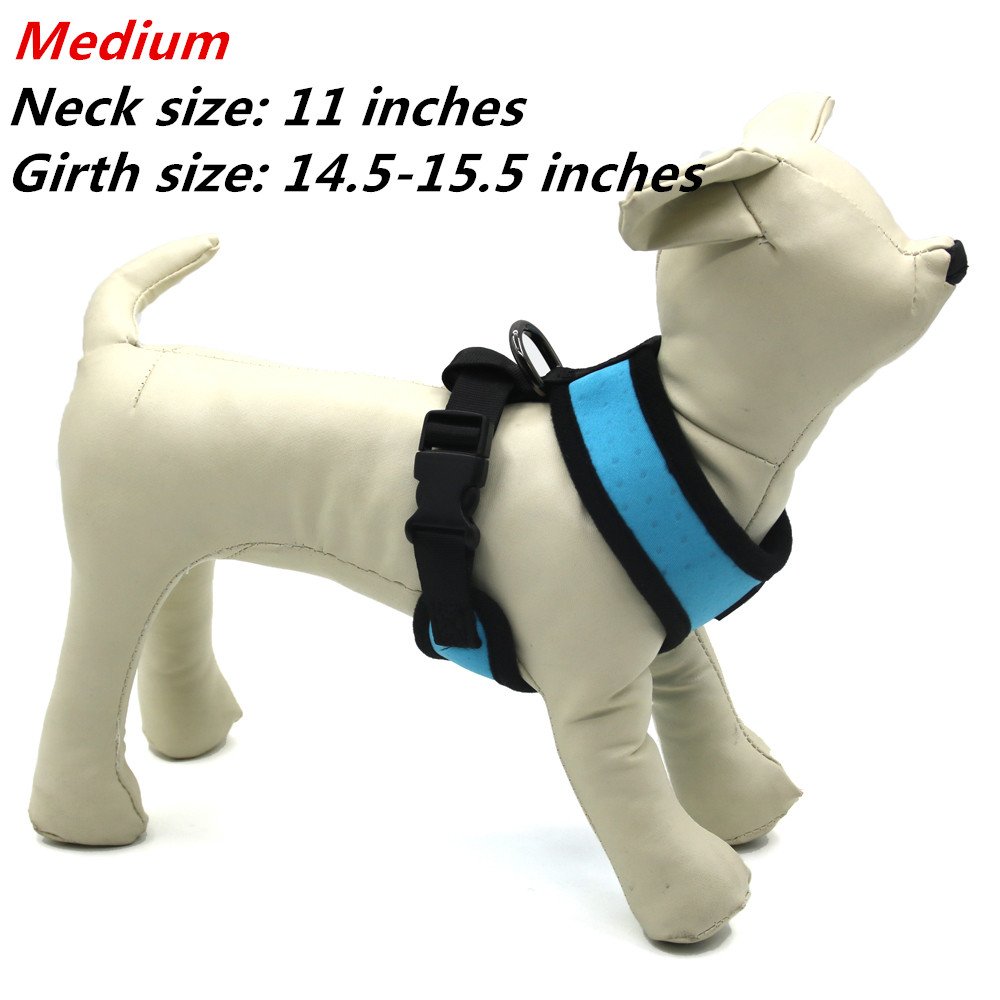 Roadwi Dog Harness Vest, Adjustable Soft Neoprene Breathable Padded, No-Pull Safety for Walking, Hiking, Training, Running. Neck: 11 inch, Chest: 14.5-15.5 inch (Medium, Blue)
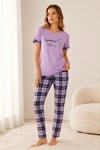 Pamuklu Penye Summer Baskılı Kısa Kollu Pijama Takımı Bisiklet Yaka Ekose Desenli - Lila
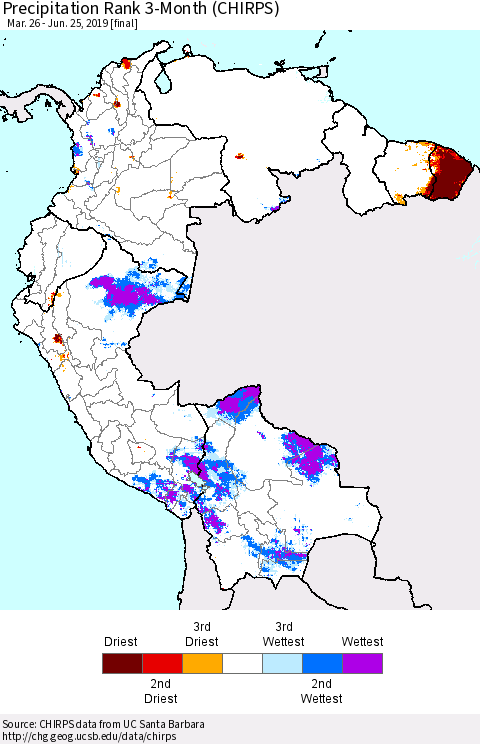 Northern South America Precipitation Rank since 1981, 3-Month (CHIRPS) Thematic Map For 3/26/2019 - 6/25/2019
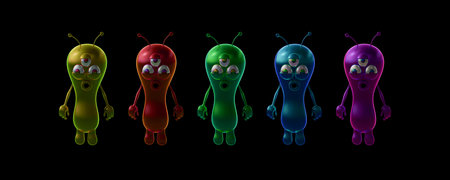 Reflective colorful Aliens on black background 3d render 3d illustration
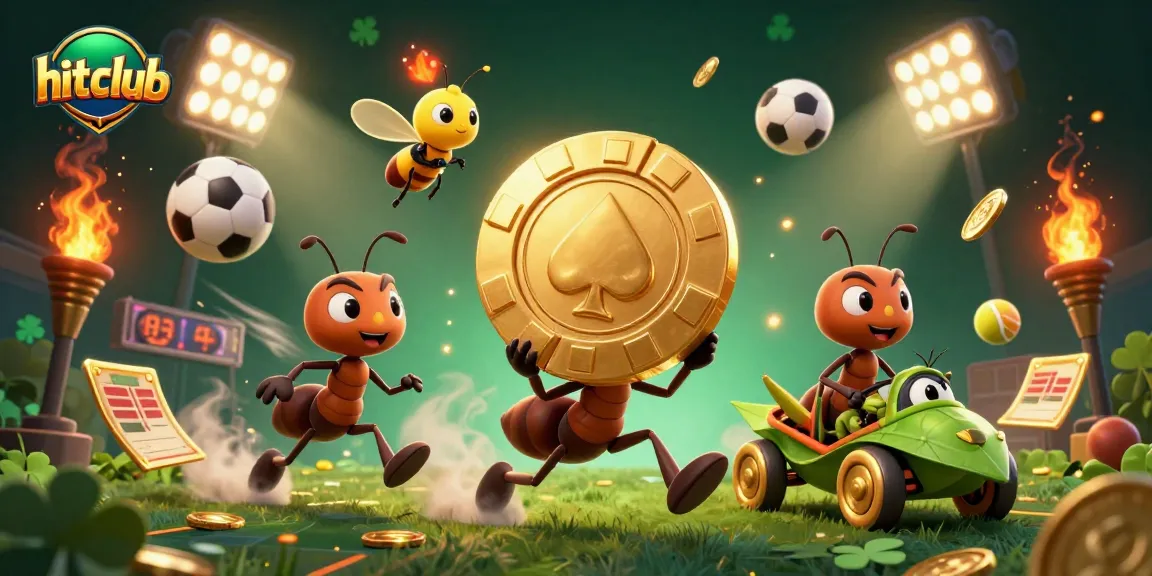 Hitclub ants carry a giant poker chip in a vibrant casino adventure filled with gold coins and trophies.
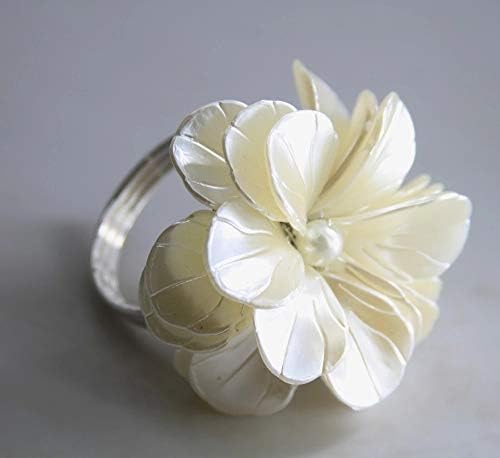 XJJZS פרח פרח מפית טבעת לחתונה קישוט לחתונה, מחזיק מפית סיטונאי 12 יח '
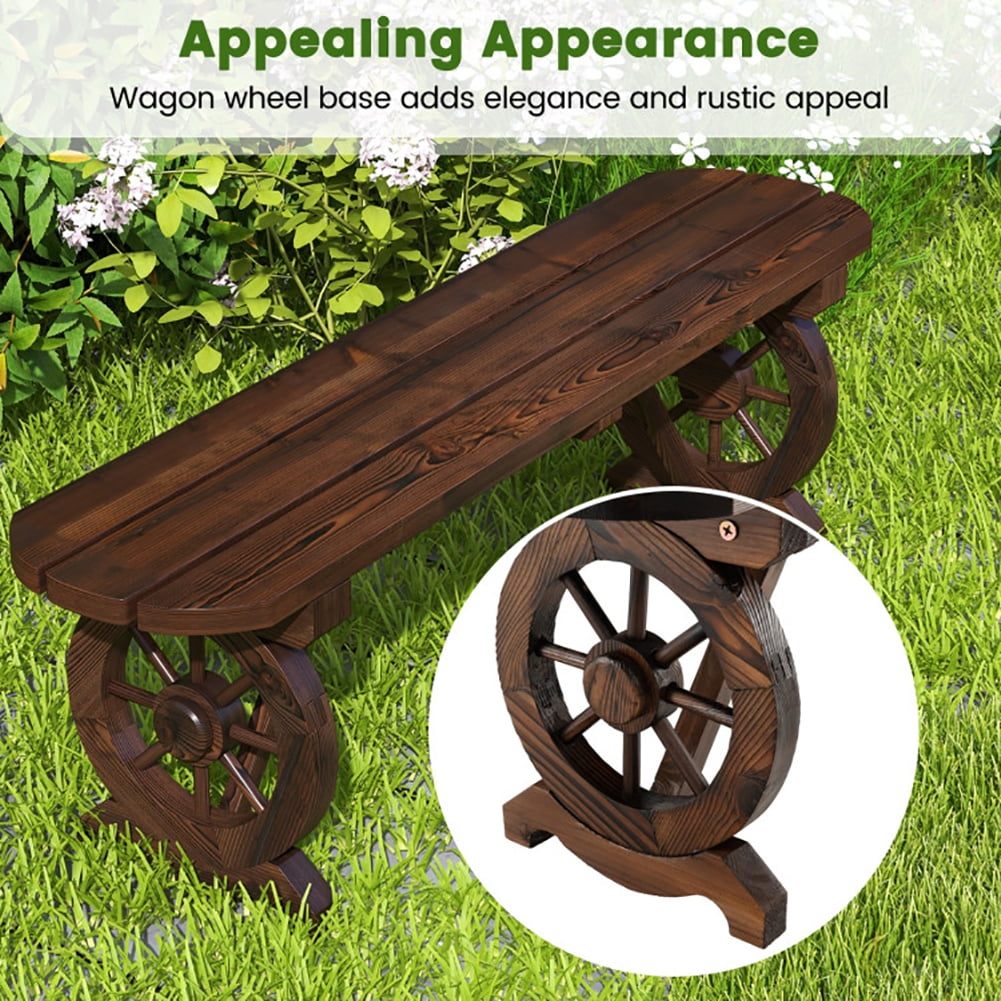 Aimee Lii Patio Rustic Wood Bench with Wagon Wheel Base, Outdoor Patio Furniture Aimee Lii Patio Rustic Wood Bench with Wagon Wheel Base, Outdoor Patio Furniture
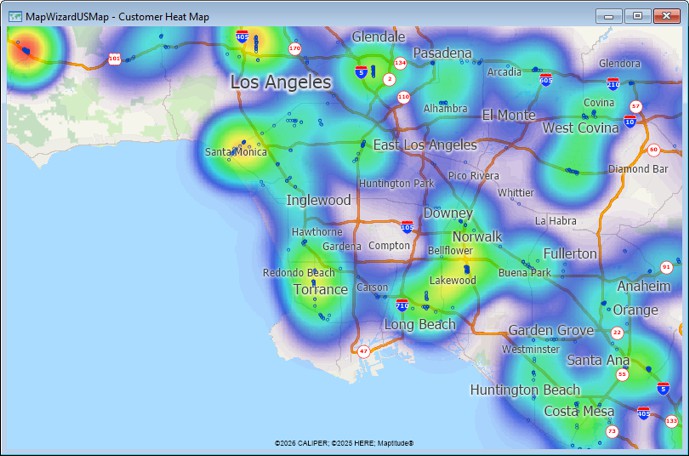 Heat map showing customer concentration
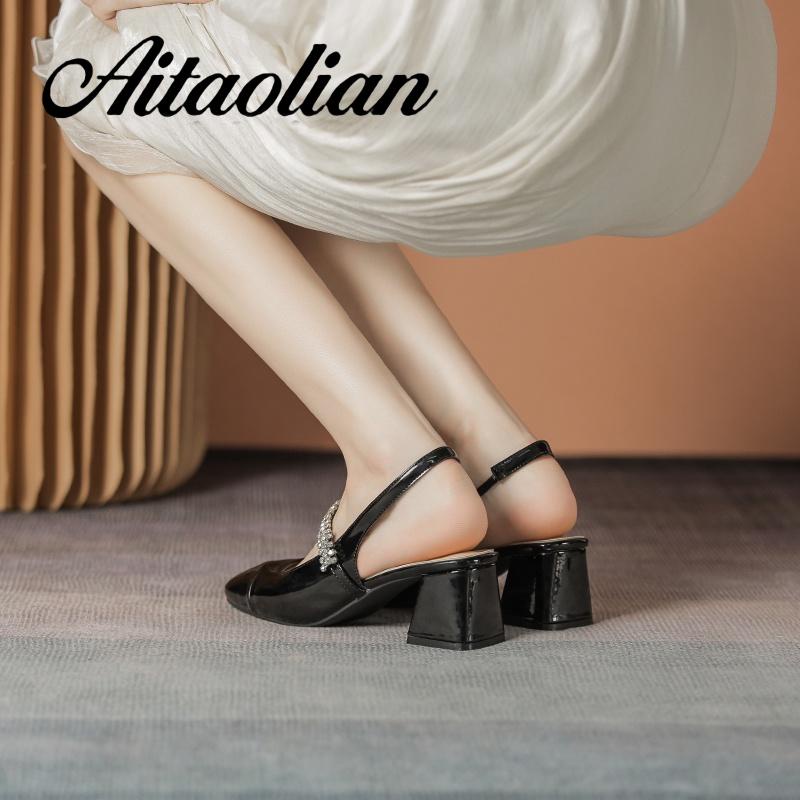 Xăng đan Cao Gót 5cm Bằng Da Bóng Mũi Tròn Đế Mềm Màu Trơn Cho Nữ mary jane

---------------

Give back exactly the lines from the line with "Reflective colorful Aliens" through the final line of the entries above, and keep pictures out of the copy.

 Reflective colorful Aliens on black background 3d render 3d illustration
 Hitclub ants carry a giant poker chip in a vibrant casino adventure filled with gold coins and trophies.
 XJJZS פרח פרח מפית טבעת לחתונה קישוט לחתונה, מחזיק מפית סיטונאי 12 יח '
 Aimee Lii Patio Rustic Wood Bench with Wagon Wheel Base, Outdoor Patio Furniture Aimee Lii Patio Rustic Wood Bench with Wagon Wheel Base, Outdoor Patio Furniture
 Heat map showing customer concentration
 Xăng đan Cao Gót 5cm Bằng Da Bóng Mũi Tròn Đế Mềm Màu Trơn Cho Nữ mary jane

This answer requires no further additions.